# Installation windows 10 parallels desktop



## Camelote (18 Juillet 2017)

Bonjour
Je viens d'installer parallels desktop sur mon imac, j'ai fait migrer mon PC (windows 10) dessus via wifi, Or, quand je veux lancer parallels desktop c'est un écran noir qui apparaît avec écrit 'missing operating system'

L'un de vous saurait-il ce que ça signifie et pourrait-il me venir en aide?

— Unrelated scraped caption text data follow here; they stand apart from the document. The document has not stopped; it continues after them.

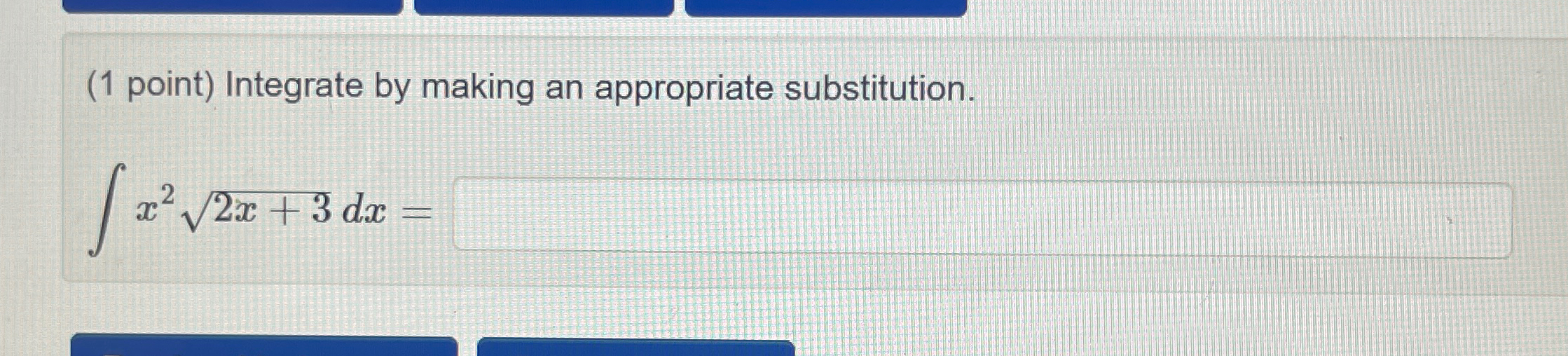 Solved (1 ﻿point) ﻿Integrate by making an appropriate | Chegg.com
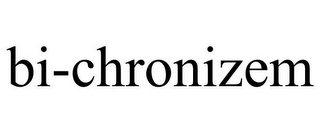 BI-CHRONIZEM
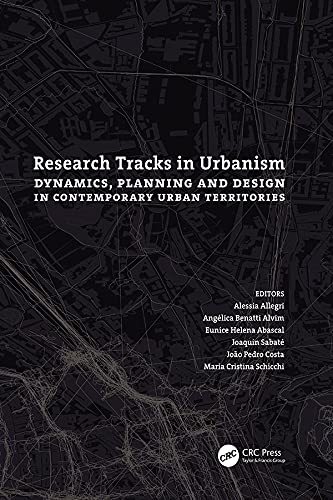 Research Tracks in Urbanism Dynamics, Planning and Design in Contemporary Urban Territories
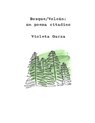 Bosque/Volcán: un poema citadino - Violeta Garza - 9781005473525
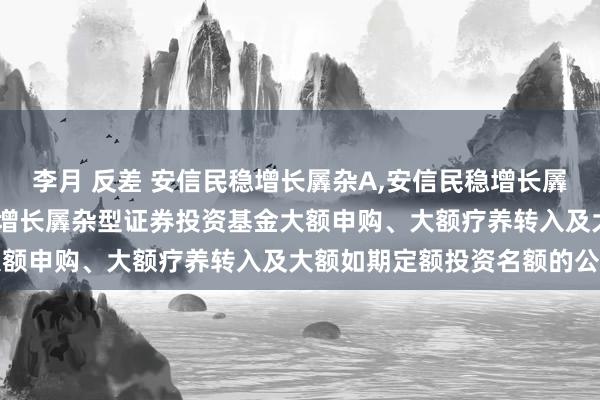 李月 反差 安信民稳增长羼杂A,安信民稳增长羼杂C: 对于调整安信民稳增长羼杂型证券投资基金大额申购、大额疗养转入及大额如期定额投资名额的公告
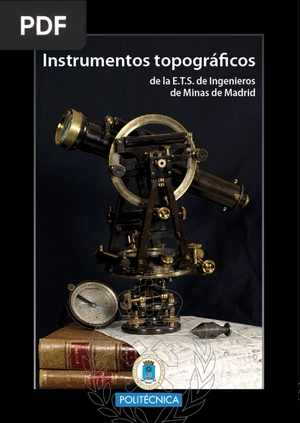 Instrumentos Topográficos de la E.T.S. de Ingenieros de Minas de Madrid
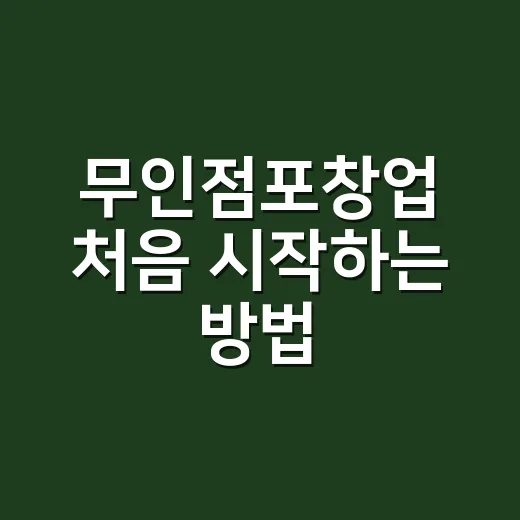 무인점포창업 처음 시작하는 방법, 비용부터 상권까지 이렇게 잡기 - 요약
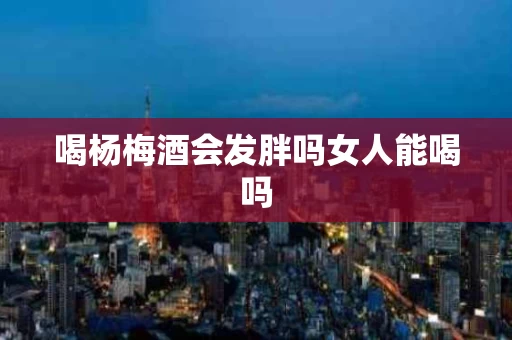 喝杨梅酒会发胖吗女人能喝吗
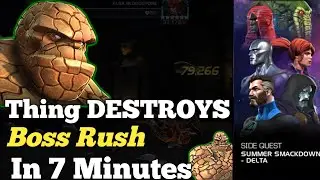 Thing DESTROYS Summoner SmackDown Boss Rush Week 4 In 7 Minutes! | Marvel Contest Of Champions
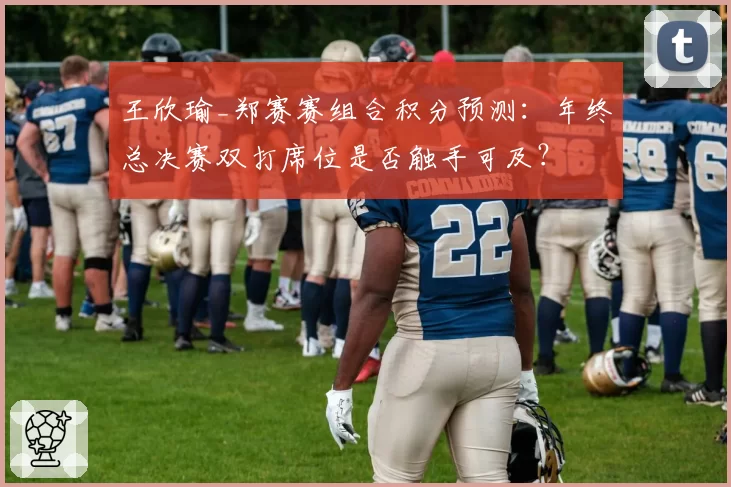 王欣瑜_郑赛赛组合积分预测：年终总决赛双打席位是否触手可及？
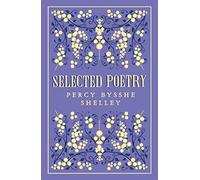 Selected Poetry: Annotated Edition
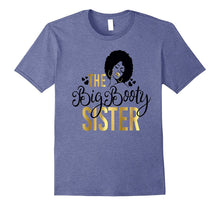 Black Girl Magic Big Booty Sister Shirt Birthday Wedding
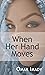 When Her Hand Moves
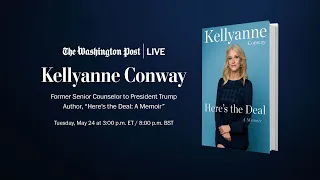 Kellyanne Conway, former senior counselor to Pres. Trump discusses her new book (Full Stream 5/24)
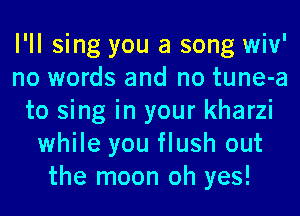 I'll sing you a song wiv'
no words and no tune-a
to sing in your kharzi
while you flush out
the moon oh yes!
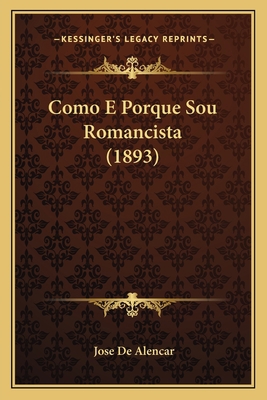 Como E Porque Sou Romancista (1893) [Portuguese] 1167388976 Book Cover
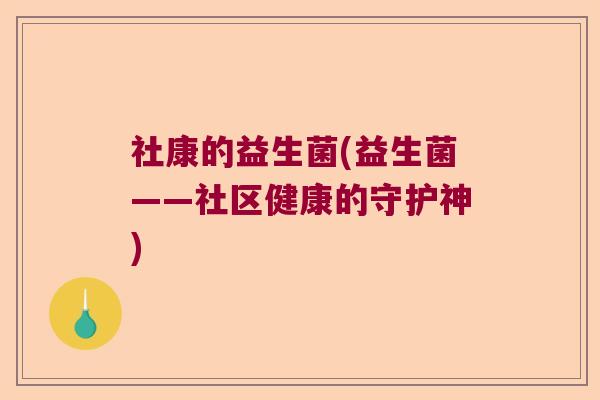 社康的益生菌(益生菌——社区健康的守护神)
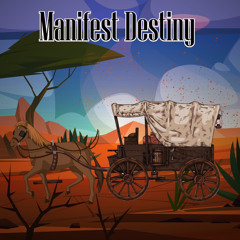 Manifest Destiny
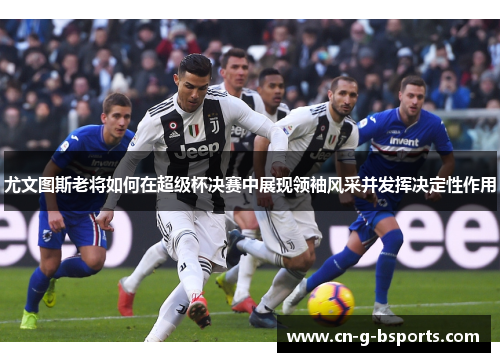 尤文图斯老将如何在超级杯决赛中展现领袖风采并发挥决定性作用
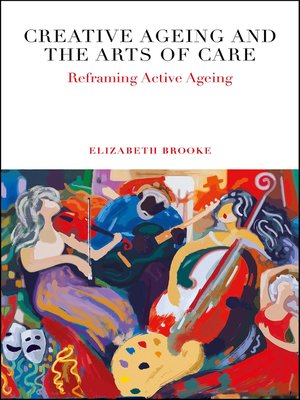 cover image of Creative Ageing and the Arts of Care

La newbie en mac vous remercie par avance....


----------



## Zorglub38 (18 Juillet 2017)

Qu'appelles tu faire migrer ton pc dessus via wifi ??? Pour utiliser win10 ds parallels, il faut d'abord l'installer et l'activer !


----------



## Camelote (18 Juillet 2017)

lors de l'installation de parallels on me propose 3 options, acheter windows 10 direct, installer windows à partir d'un fichier image, ou transférer windows depuis un pc, ce que j'ai fait. Je m'attendais cependant pas à ce que mon PC fonctionne encore, je peux peut-etre en conclure que le transfert ne s'est pas bien fait....


----------



## Zorglub38 (18 Juillet 2017)

C'est surtout que ça n'est pas de cette manière que l'on installe win10 ! Soit tu l'achètes et le télécharges pour l'installer, soit tu l'installes à partir d'une image disque et ensuite tu transfères les données de ton pc dans la nouvelle installation de ton windows.


----------



## Camelote (18 Juillet 2017)

J'ai complètement vidé mon pc des fichiers pour les mettre sur disque dur externe, le mieux que j'ai à faire serait alors de créer une image disque sur mon DD externe pour ensuite l'installer sur parallels?


----------



## Camelote (18 Juillet 2017)

(A noter que mon pc est bon pour la casse, c'est pour ça que je tâche de transférer windows sur parallels, je ne compte plus me servir de ce pc.... )


----------



## Zorglub38 (18 Juillet 2017)

Il faut que tu télécharges le fichier image de windows 10 (https://www.microsoft.com/fr-fr/software-download/windows10ISO) et ensuite tu le sélectionnes dans parallels et tu lances l'installation. A la fin de l'installation, tu peux rapatrier tes fichiers perso comme tu le ferais à partir de n'importe quel windows.


----------



## Zorglub38 (18 Juillet 2017)

Restera le problème de la licence qui n'autorise pas le transfert des droits d'une machine à l'autre. Tu devras certainement payer pour valider ta version.


----------



## Camelote (18 Juillet 2017)

Bon, voilà la donnée qu'il me manquait, je vais voir ça. En tout cas merci pour toutes vos réponses!


----------